確かに、そこまででもない輩をやたらと斬っては、不必要な禍根を残しかねないだろう。
「それに下手に斬れば、血の匂いで獣を引っ張りだしかねんぞ」
「おう、それは確かに」
ここにきてザジの気の圧が完全に引いた。
それを見て安堵したダインは、だから、と地を滑るように刃を向ける男との距離を詰め、
体重を乗せた上で、器用に身体の軸から捻じり込んだ拳を、その男の腹の急所に叩き込んだ。
「……っ?!」
肺が詰まったような声を漏らしつつ、男は悶絶した。
彼は、できるだけ出血をさせず意識を飛ばす事にしたのだ。
手加減はしている。

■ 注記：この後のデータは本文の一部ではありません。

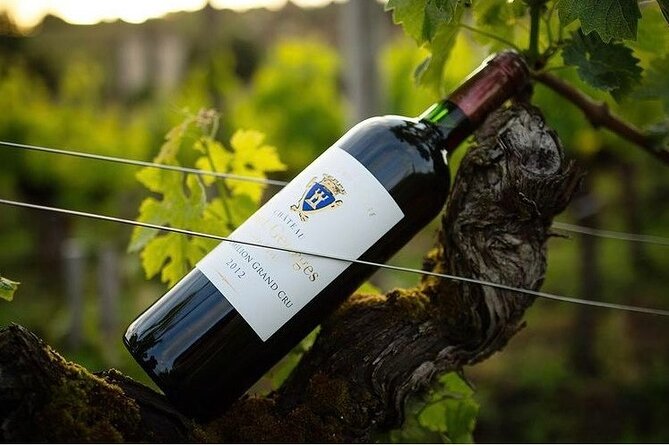 Visit and Tasting Château Saint-Georges Cote Pavie, Grand Cru Classé - The Art of Wine Tasting at Château Saint-Georges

しかし思い切りに、だが。
何の事もない。ダインも少し腹が立っていたのだ。
「このガ…っ!!」
慌てた最後の一人が彼に刃を突き込むが、反応が遅過ぎた。
それに背が低いダインとの体格差もあって、どうしても姿勢が崩れてしまう。
蛇が巻き付くように男の腕は絡みとられ、天地が回った。
地球でいう、一本背負いである。
このような技は、理解できていなければ身構える事すらできないままで終わる。
平原である事を喜ぶべきであろう。
もし硬い地面であれば骨も内臓も只では済まなかった筈だ。
無論、それでも背に受けた衝撃は弱いとは言い難いもので、男は声を上げる事もなく、あっさりと意識を飛ばされてしまった。
***
***
***
ん、んん~……キモティイイ~っ!!
投げ技って、こう、かちんって極まったらホント気持ちいいわぁ!
良かったね、下が柔らかめの土で。固かったり、石畳だったら危なかったヨ。肩甲骨とかあばらとかバッキバキしてたかも。
ウッカリ、おもっきりやっちゃった☆
ザジ嬢に言った直後に
あぁ、ヨカッタヨカッタ。
これにて一件、落着カナ~~……。
……ザジ嬢が、スッゴイきらっきらした目で見てるけどなっ!!
「の、のぅ、のぅのぅ、今のは? 今のは何じゃ?
物凄い熟練の投げ技と見たが如何に?」
あぎゃ~っ!! そりゃ気になるよね!
普通、
鍛錬の時にやってるのは、単に投げ飛ばすだけだったしなぁ。
今のは狙ってやったというか、閃いた? そんな感じにとっさに出来たんだよ。
前世で習ってたのかしらん?
ザジ嬢も、鍛錬の時にも
投げ技はあんま得意じゃないっぽい?
アレってほぼ習ってないって観たけど、当たりかなぁ。
「そう言ってくれるのはありがたいが、今の内にこいつ等を樹に縛り付けて置こう。
邪魔だしな」
また今度、また今度ね、と念じつつ転がした奴らを拘束する。
とりあえず荷物から紐束を取り出して、首と腕に巻き付けて縛り上げる。針金あるから親指極めて縛り上げちゃうねー。
これで手指も動かせないしな。
「邪魔?」
縛り上げつつも不思議そうな顔をするザジ嬢。
そーゆー顔も似合うのなー。
可愛いは正義。はっきりわかんだね。
「何を言ってる。
仕上げる課題があるだろう?」
いや、しょーもない事で手惑っちゃったけど、まだまだ挽回できるし。
とっととミルツとナラの古株、そしてなんだっけ? 兎も角、昼前には三種は集めとかないと……。
あれ? どったの?
「くふ、あは、あははは……っ。」
いきなり爆笑?!
ナニ? どしたの?!
「ふふ…、じゃのう。
そうじゃのう。丁寧に摘まねばならんし急がねばの」
「……そうだな」
何かオレ、ウケをとるような事言った?
ひょっとしてオレは無意識に芸を披露していたとか?
ねぇ、ちょっと、ザジ嬢?!
「課題をこなしてきたのは良いけど……。
人攫いまで摘んでくるとはねぇ」
「あは、あははは……。
小規模ではあるが、結構やらかしてた奴らだったらしいじゃねぇか。